**Required work:** Leaving out every picture, copy the lines of the material below exactly, from the line containing "Winard 925 Sterling" through the line containing "Cricket Cricketer Batsman".

**Data shown:**
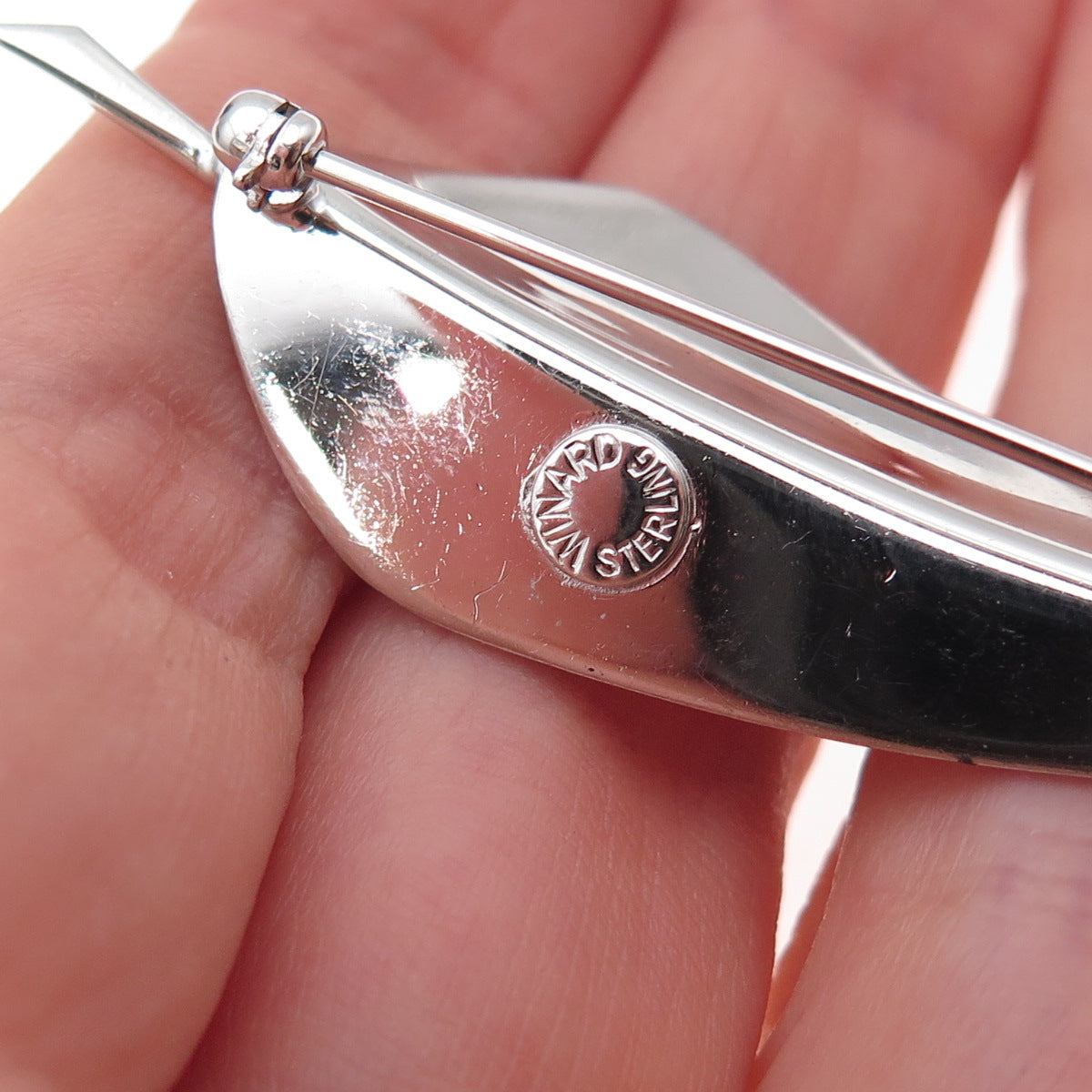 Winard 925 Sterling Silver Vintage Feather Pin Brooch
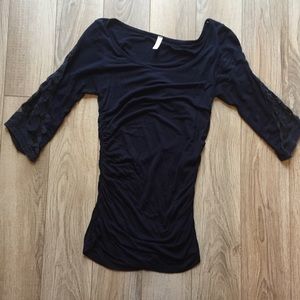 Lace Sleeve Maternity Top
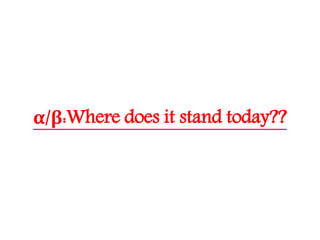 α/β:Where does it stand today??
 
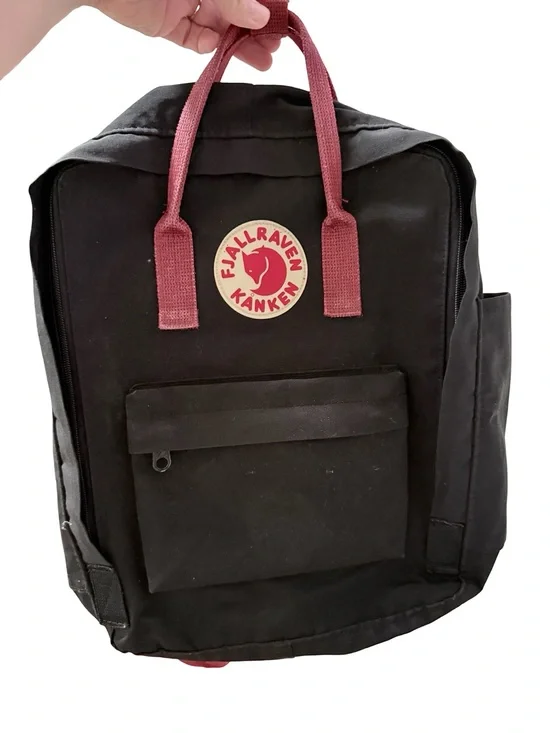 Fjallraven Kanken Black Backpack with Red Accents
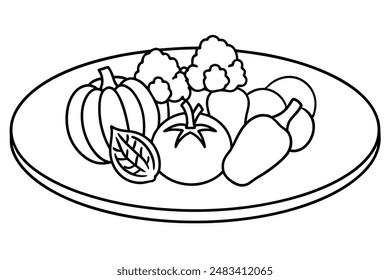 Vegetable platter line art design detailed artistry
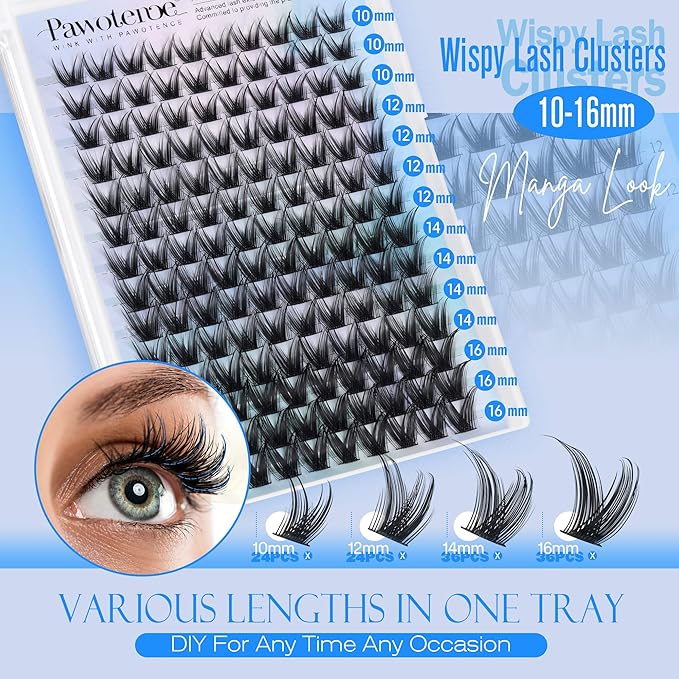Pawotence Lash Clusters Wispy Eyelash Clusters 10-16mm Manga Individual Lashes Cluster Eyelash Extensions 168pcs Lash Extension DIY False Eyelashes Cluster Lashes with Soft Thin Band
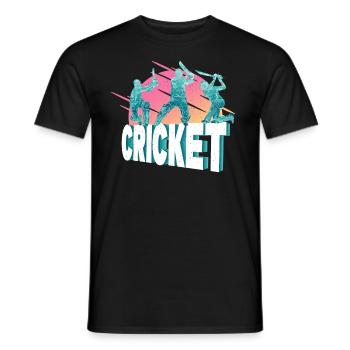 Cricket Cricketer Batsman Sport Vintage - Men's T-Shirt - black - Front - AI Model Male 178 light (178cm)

---

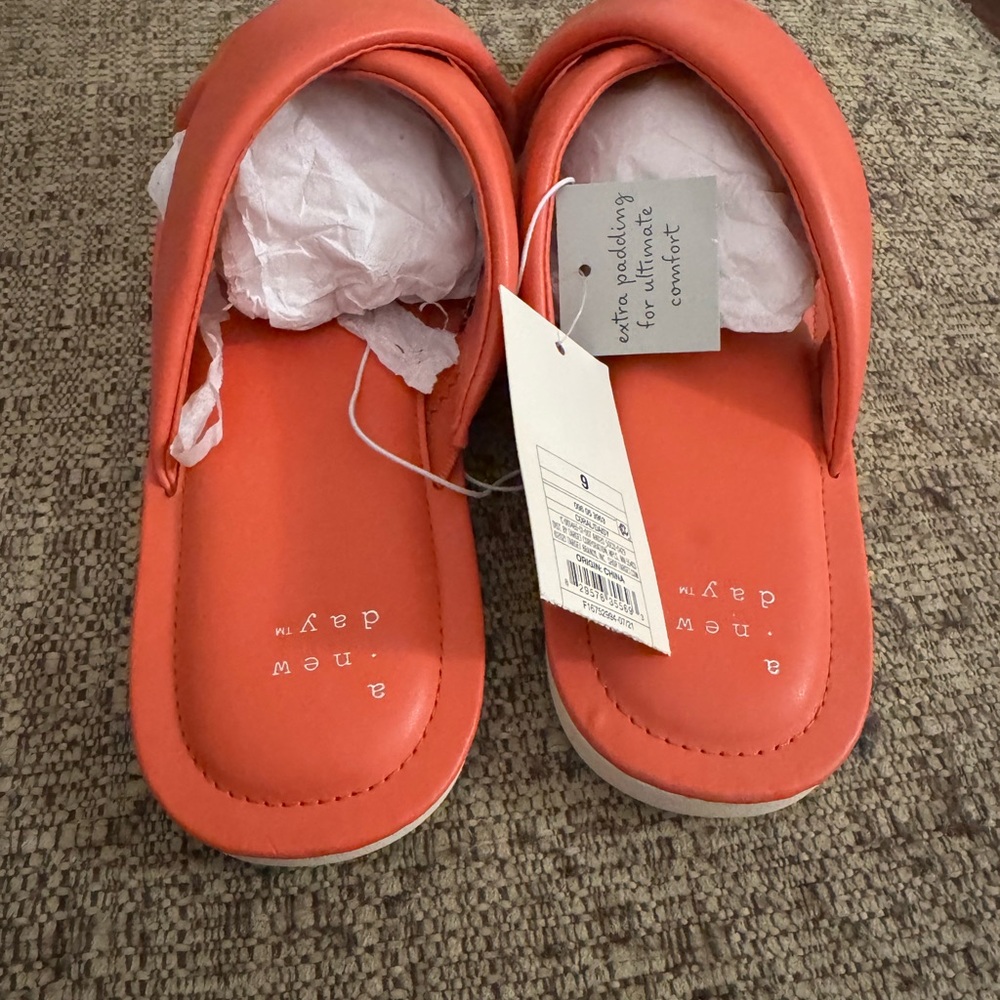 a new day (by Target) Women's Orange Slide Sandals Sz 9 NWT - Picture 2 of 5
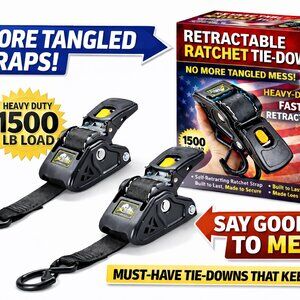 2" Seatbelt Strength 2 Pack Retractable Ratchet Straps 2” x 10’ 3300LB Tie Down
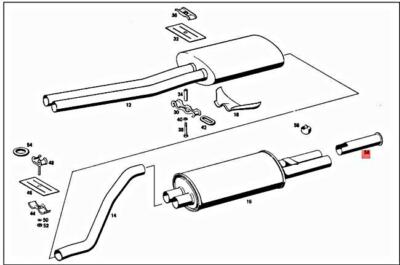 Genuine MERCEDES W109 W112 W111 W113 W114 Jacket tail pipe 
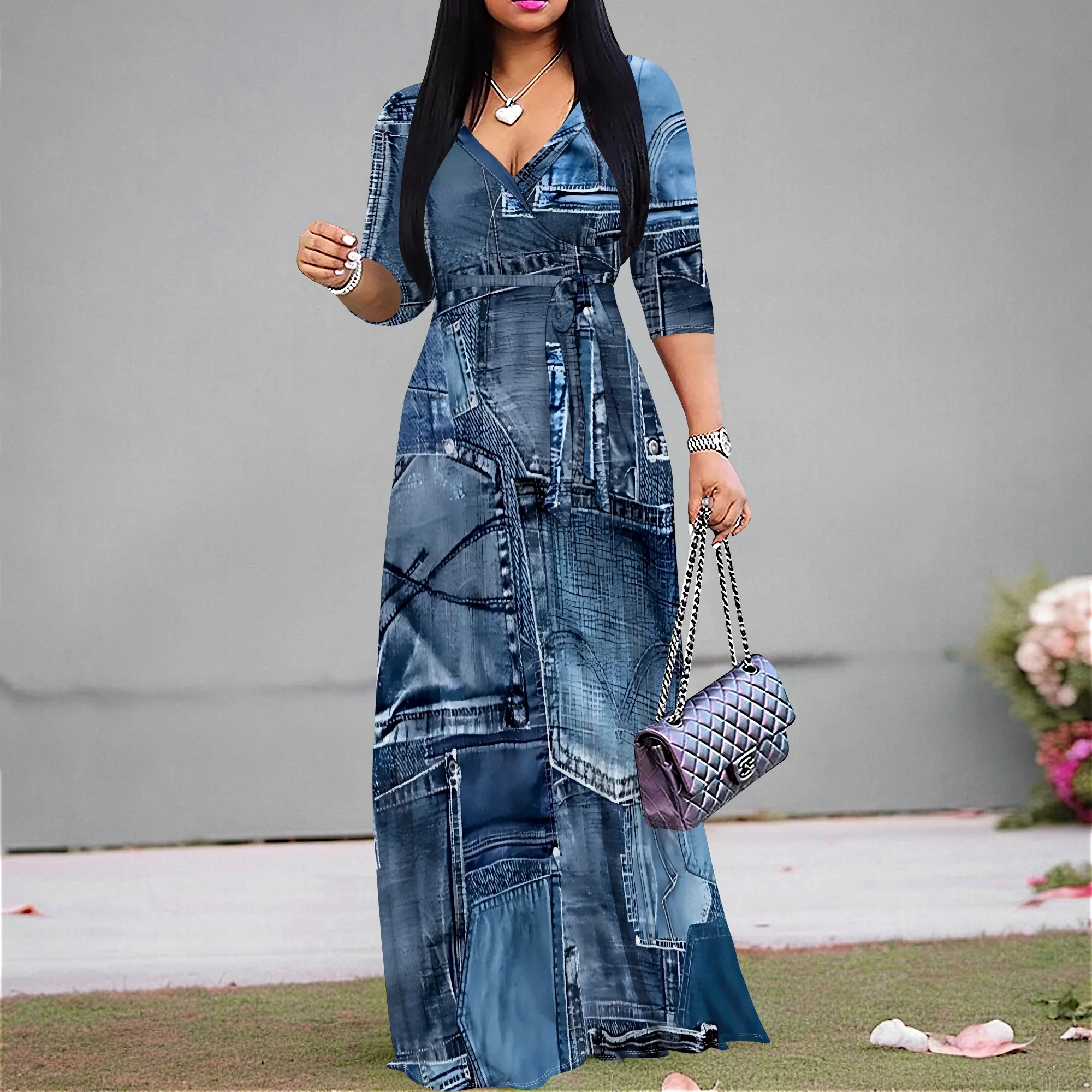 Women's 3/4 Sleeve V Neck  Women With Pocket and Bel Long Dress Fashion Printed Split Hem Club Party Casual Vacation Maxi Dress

**Written answer:**
 Winard 925 Sterling Silver Vintage Feather Pin Brooch
 Lace Sleeve Maternity Top
 α/β:Where does it stand today??
 
 Fjallraven Kanken Black Backpack with Red Accents
 Vegetable platter line art design detailed artistry
Pawotence Lash Clusters Wispy Eyelash Clusters 10-16mm Manga Individual Lashes Cluster Eyelash Extensions 168pcs Lash Extension DIY False Eyelashes Cluster Lashes with Soft Thin Band
 Cricket Cricketer Batsman Sport Vintage - Men's T-Shirt - black - Front - AI Model Male 178 light (178cm)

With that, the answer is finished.